##### INFORMATION SHOWN

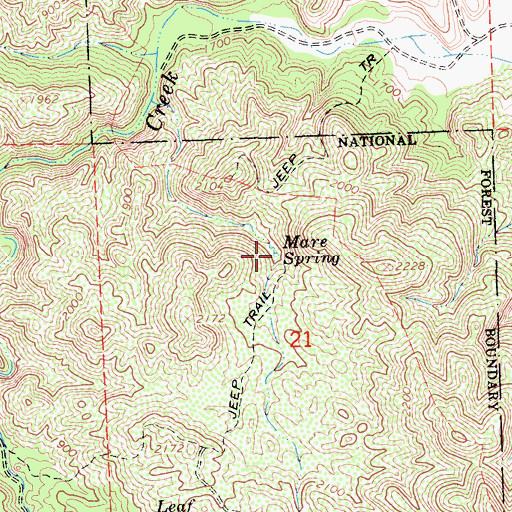 Topographic Map of Mare Spring, CA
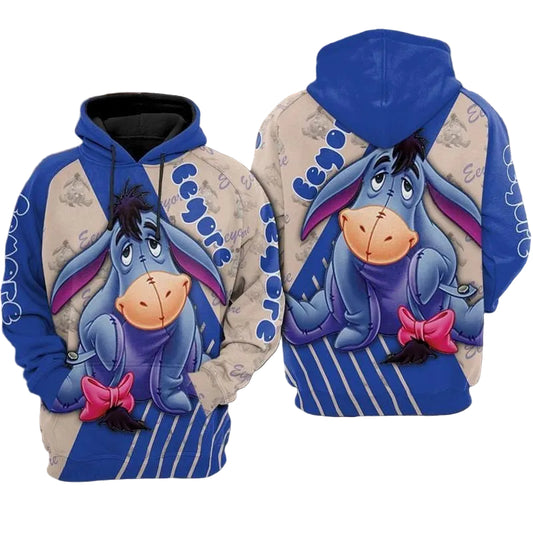 Eeyore Pattern Winnie The Pooh Disney Over Print 3d Hoodie Zip Hoodie Moonbestprint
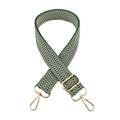Detail of 3.8cm green herringbone woven bag strap with polished gold swivel snap hooks - Dark Green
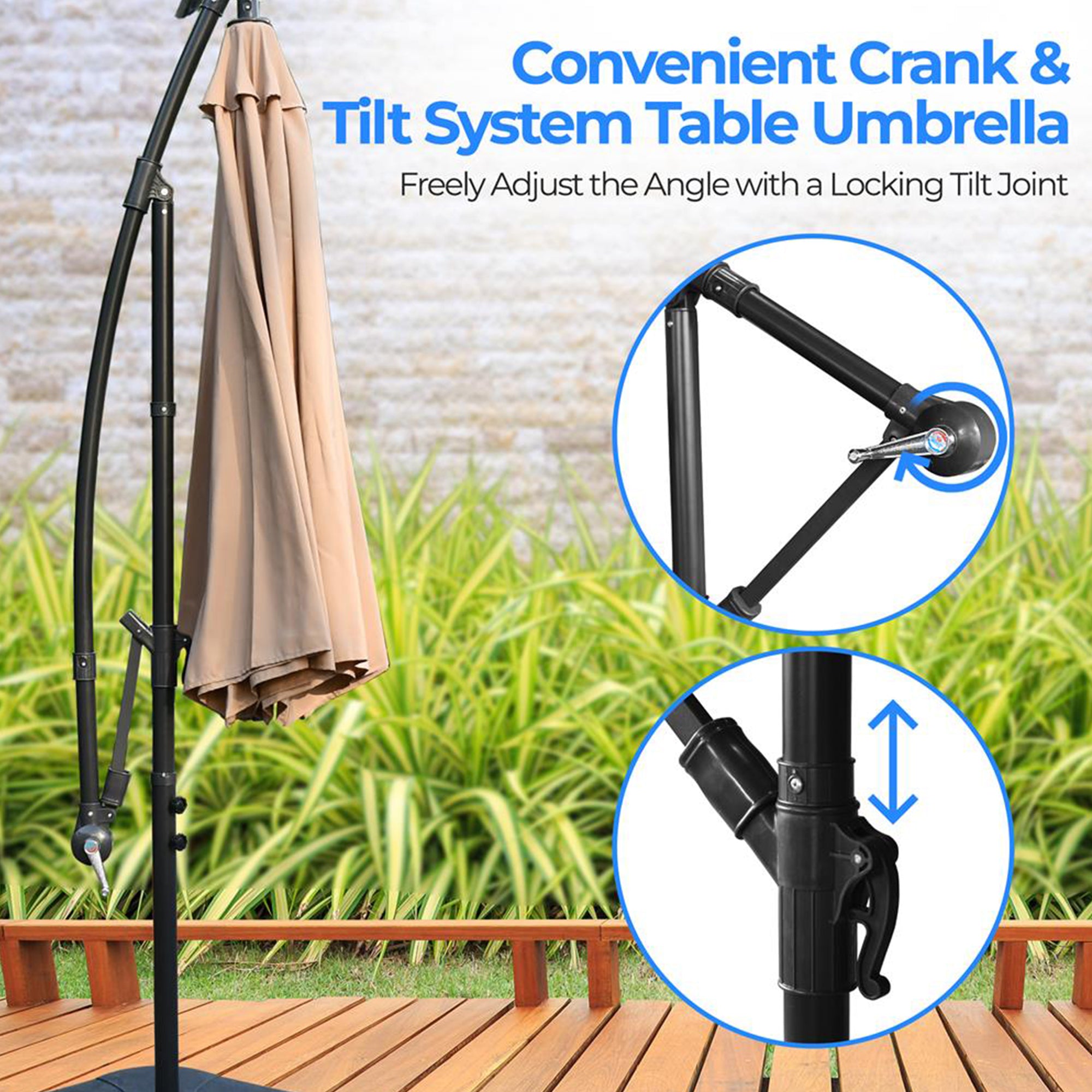 Serenelife 10ft Hanging Garden Lawn Deck Patio Umbrella w/Push Button Tilt(Used) - VMInnovations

##########

INSTRUCTIONS TO FOLLOW >> Every line from the one bearing "Detail of 3.8cm" through the end of the data above must be output exactly, and no picture may appear.

FINISHED EXERCISE >>
Detail of 3.8cm green herringbone woven bag strap with polished gold swivel snap hooks - Dark Green
 Serenelife 10ft Hanging Garden Lawn Deck Patio Umbrella w/Push Button Tilt(Used) - VMInnovations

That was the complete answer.